> Work instruction: Begin at the line that holds "4T1BK1EB2HU247930 - 2017" and copy each line exactly until the data below ends, including that last line but no pictures.

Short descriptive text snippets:
+ + + +

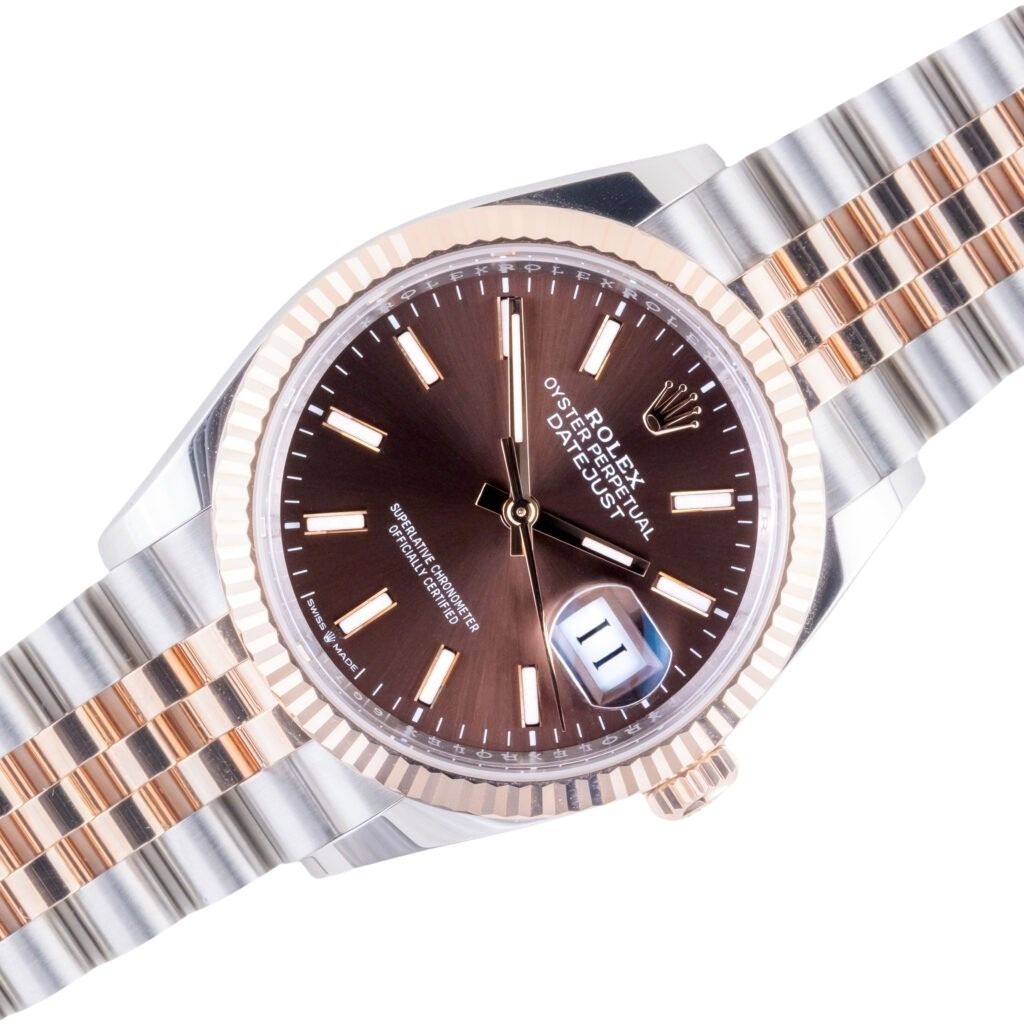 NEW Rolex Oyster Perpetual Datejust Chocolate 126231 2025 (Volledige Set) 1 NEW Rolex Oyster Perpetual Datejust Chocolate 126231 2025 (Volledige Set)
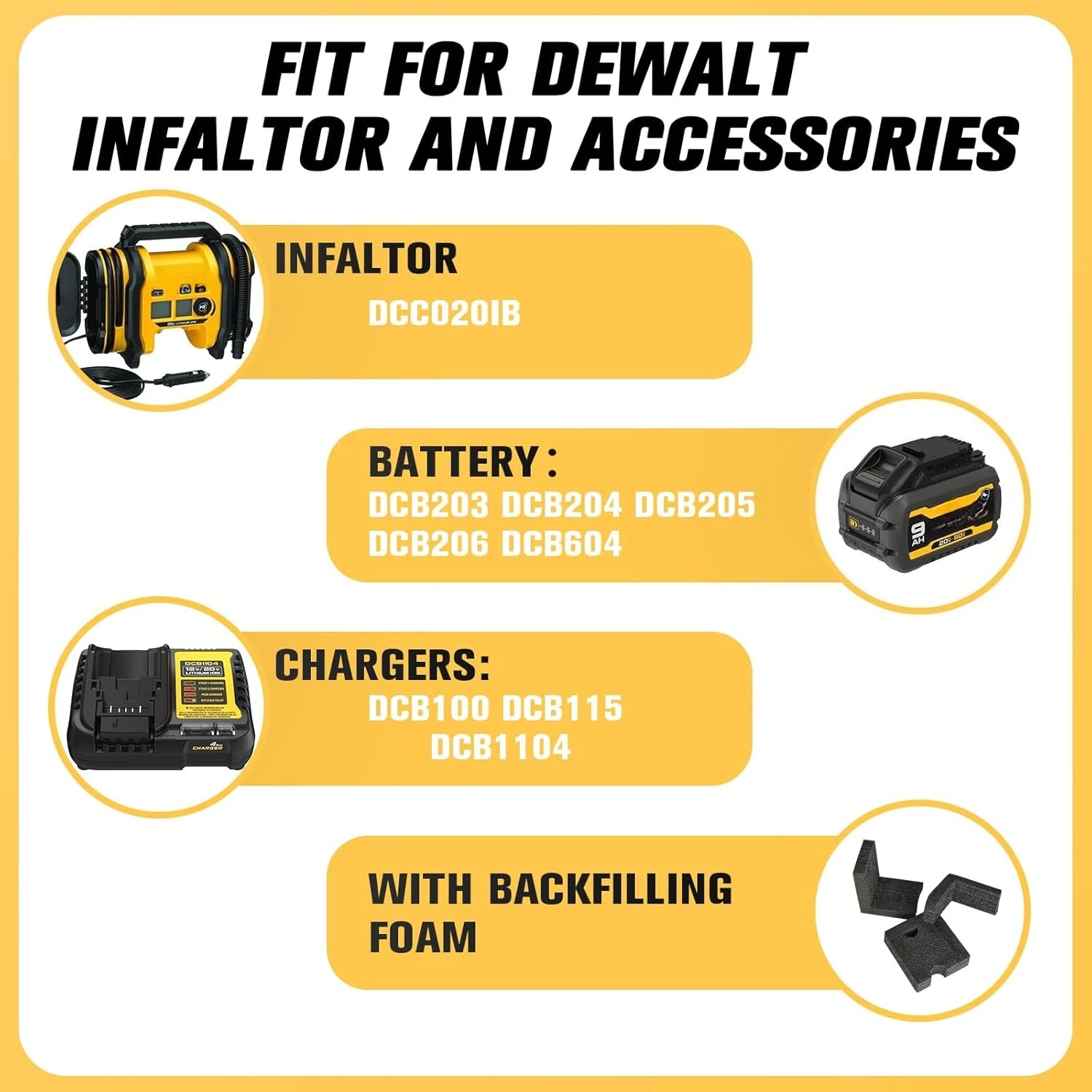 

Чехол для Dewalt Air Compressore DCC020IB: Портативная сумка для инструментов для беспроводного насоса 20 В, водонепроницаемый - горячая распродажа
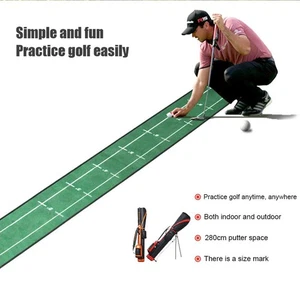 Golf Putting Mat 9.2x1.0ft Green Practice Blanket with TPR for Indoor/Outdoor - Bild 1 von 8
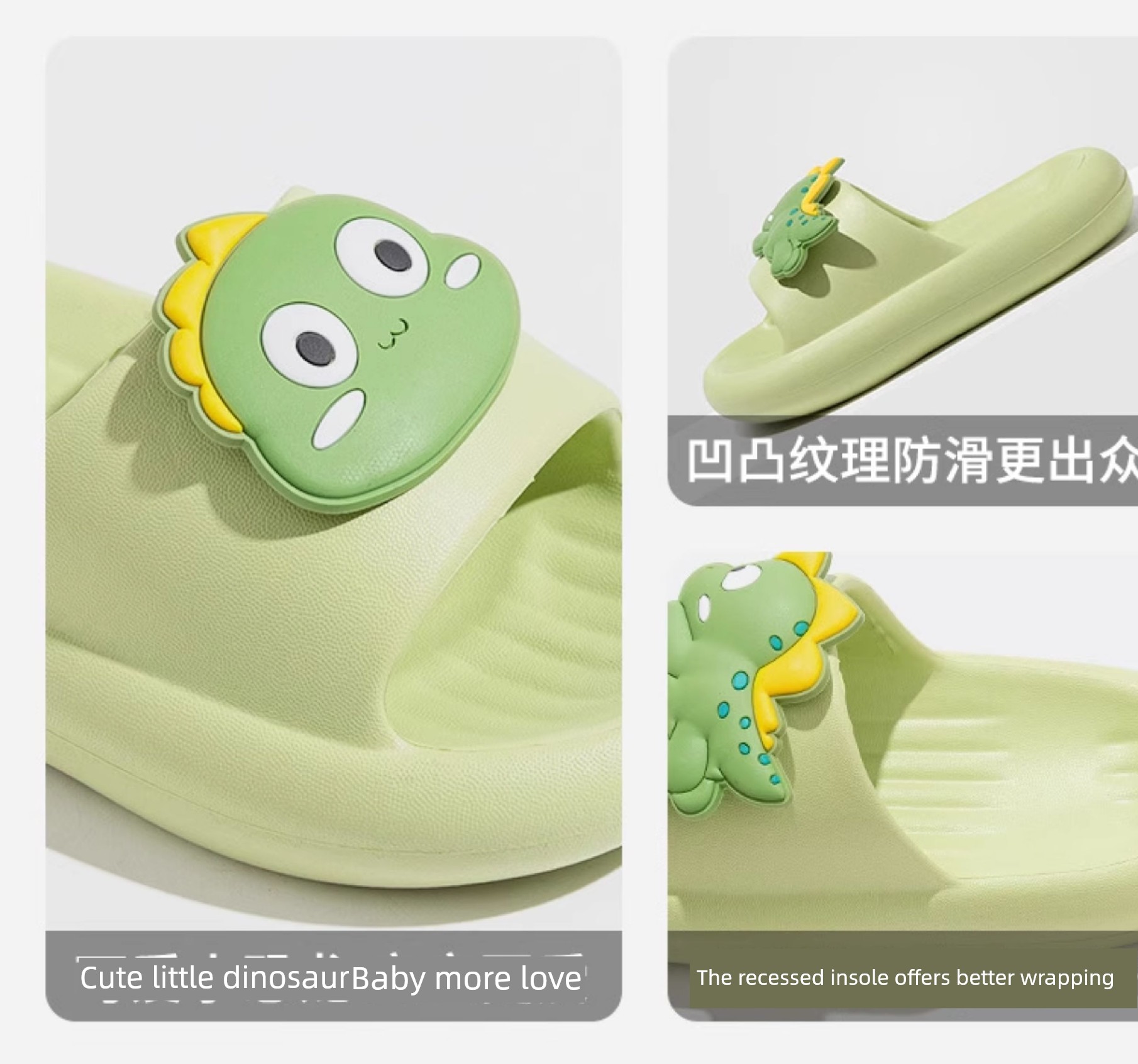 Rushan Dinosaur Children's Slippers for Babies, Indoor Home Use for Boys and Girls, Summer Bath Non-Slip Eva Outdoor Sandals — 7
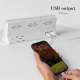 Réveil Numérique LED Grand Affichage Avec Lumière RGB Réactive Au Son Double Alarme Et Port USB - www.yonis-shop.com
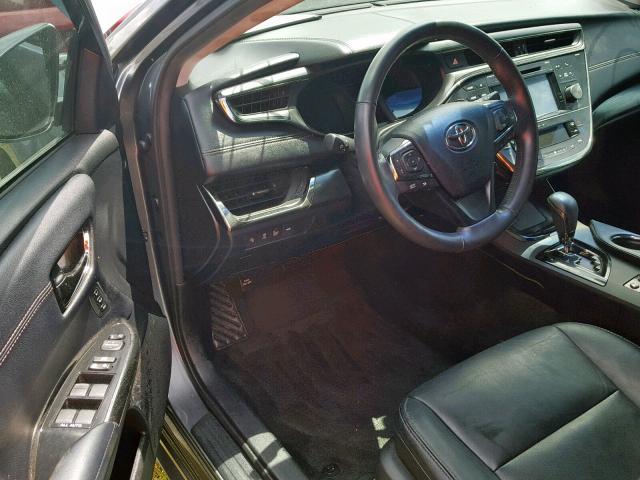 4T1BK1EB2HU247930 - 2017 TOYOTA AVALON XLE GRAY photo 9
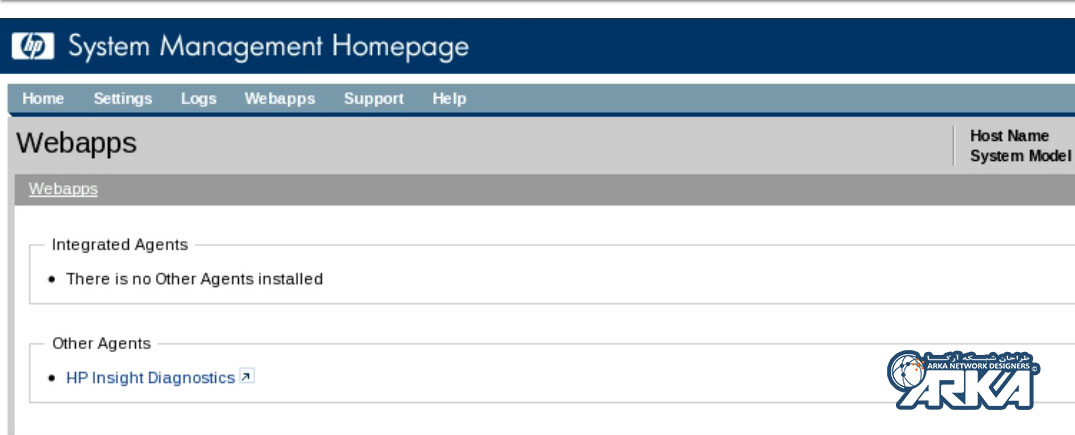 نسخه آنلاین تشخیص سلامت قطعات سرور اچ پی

+ + + +

> Answer to this problem:
 4T1BK1EB2HU247930 - 2017 TOYOTA AVALON XLE GRAY photo 9
 نسخه آنلاین تشخیص سلامت قطعات سرور اچ پی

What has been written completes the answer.